Test was reading a 7.2MB array of ints, it was already in the disk
cache so we're really measuring only CPU overhead:
>>> import h5py
>>> f = h5py.File('stack.h5')
>>> s = time.time(); numpy.array(f['segment']); print time.time() - s
array([[ 1110, 0, 0],
[ 1011, 11, 495],
[ 1011, 17, 497],
...,
[ 1092, 39769, 1035238],
[ 1092, 39769, 1035243],
[ 1092, 39769, 1035246]], dtype=int32)
246.247138977
>>> import tables
>>> f = tables.openFile('stack.h5')
>>> s = time.time(); f.getNode('/segment').read(); print time.time() - s
array([[ 1110, 0, 0],
[ 1011, 11, 495],
[ 1011, 17, 497],
...,
[ 1092, 39769, 1035238],
[ 1092, 39769, 1035243],
[ 1092, 39769, 1035246]], dtype=int32)
0.00539898872375
That issue is described here:
http://code.google.com/p/h5py/wiki/CommonProblems#Performance
Also, doesn't f['segment'] already return a numpy array?
> Is there any way to speed up conversion of datasets to numpy arrays?
> I saw the FAQ, it more or less just says to "convert once only" but
> even a single conversion is too slow in our case.
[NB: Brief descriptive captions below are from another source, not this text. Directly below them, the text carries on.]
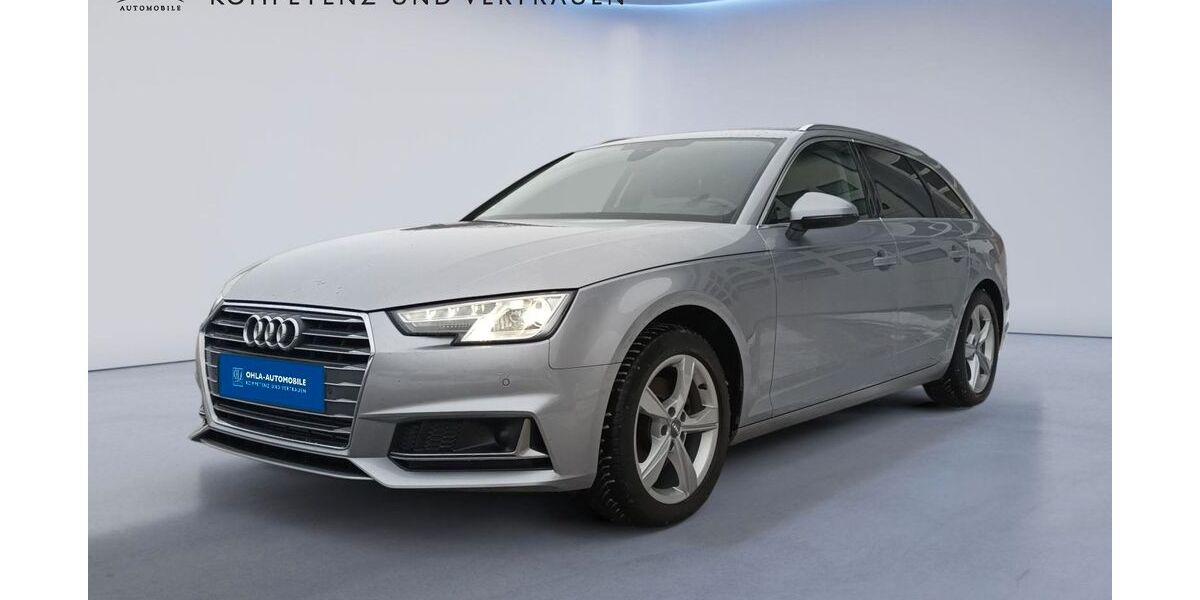 Audi A4 84.900 km 19.980 &euro; Lütjenburg 24321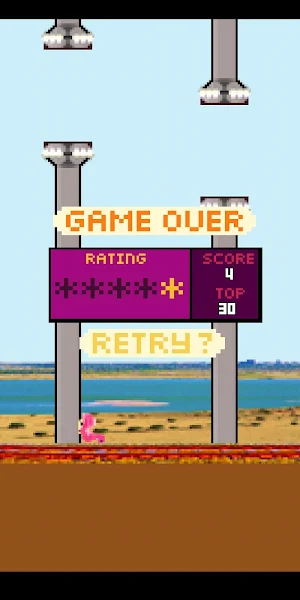 Flaminkie Screenshot 2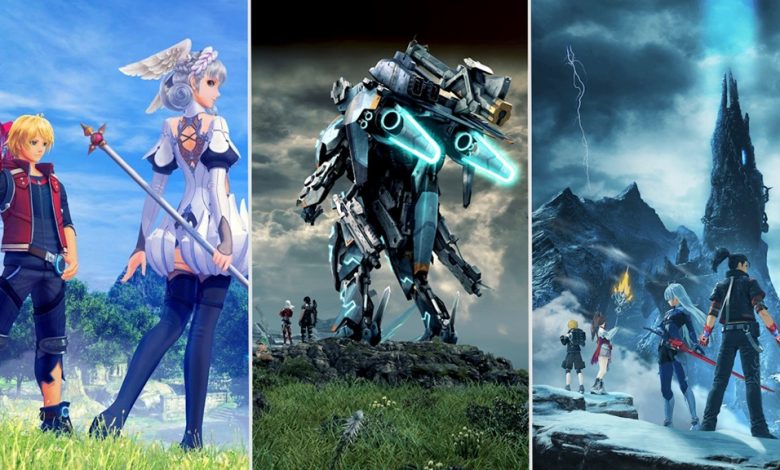 Ranking the Xenoblade Chronicles games, from best to worst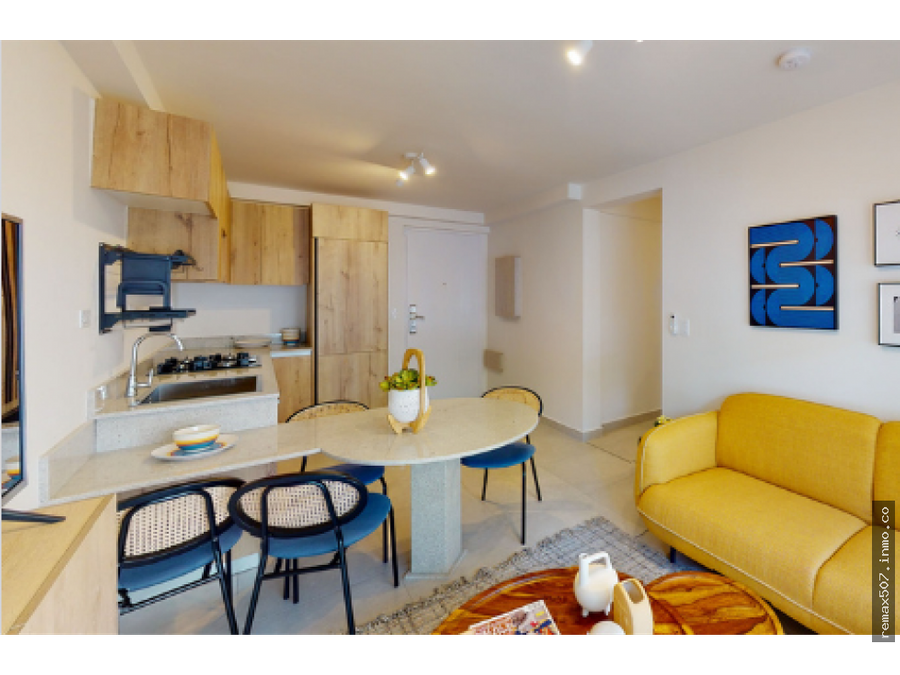 Apartment at Panamá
If the bytes are
> sitting in memory isn't there some trick to get numpy to slurp them up
> directly?
>
> I did a quick test and using a native approach h5py took 246 seconds
> where PyTables took only 0.005 seconds. Are there any tricks to
> improve this?
Yes, this pathological performance is a side effect of using the
expression "data = numpy.array(<hdf5 dataset>)"; NumPy doesn't know
that the dataset works like an array and resorts to iteration over the
first axis to create the array. Try the syntax "data =
f['something'][...]" instead. H5py 1.3 (now in beta) contains an
__array__ method to better communicate its capabilities to NumPy.
To further clarify, the data is actually still on disk until you ask
for a slice (both h5py and PyTables work this way), but this doesn't
really matter for small datasets.
To address Keith's comment:
> Also, doesn't f['segment'] already return a numpy array?
It actually returns an "array-like" Dataset object, which has dtype
and shape attributes, and supports slicing, but is a proxy for an HDF5
dataset. However, these are not intended to be replacements for NumPy
arrays and can't participate in NumPy mathematical operations.
They're just a convenient proxy for reading and writing data. To get
a NumPy array, do e.g. f['segment'][...].
Andrew
Try the syntax "data = f['something'][...]" instead.
myarray = dataset[...]But didn't realize it meant literally use an ellipsis. I thought it meant "just index dataset directly instead of converting it to a numpy array"!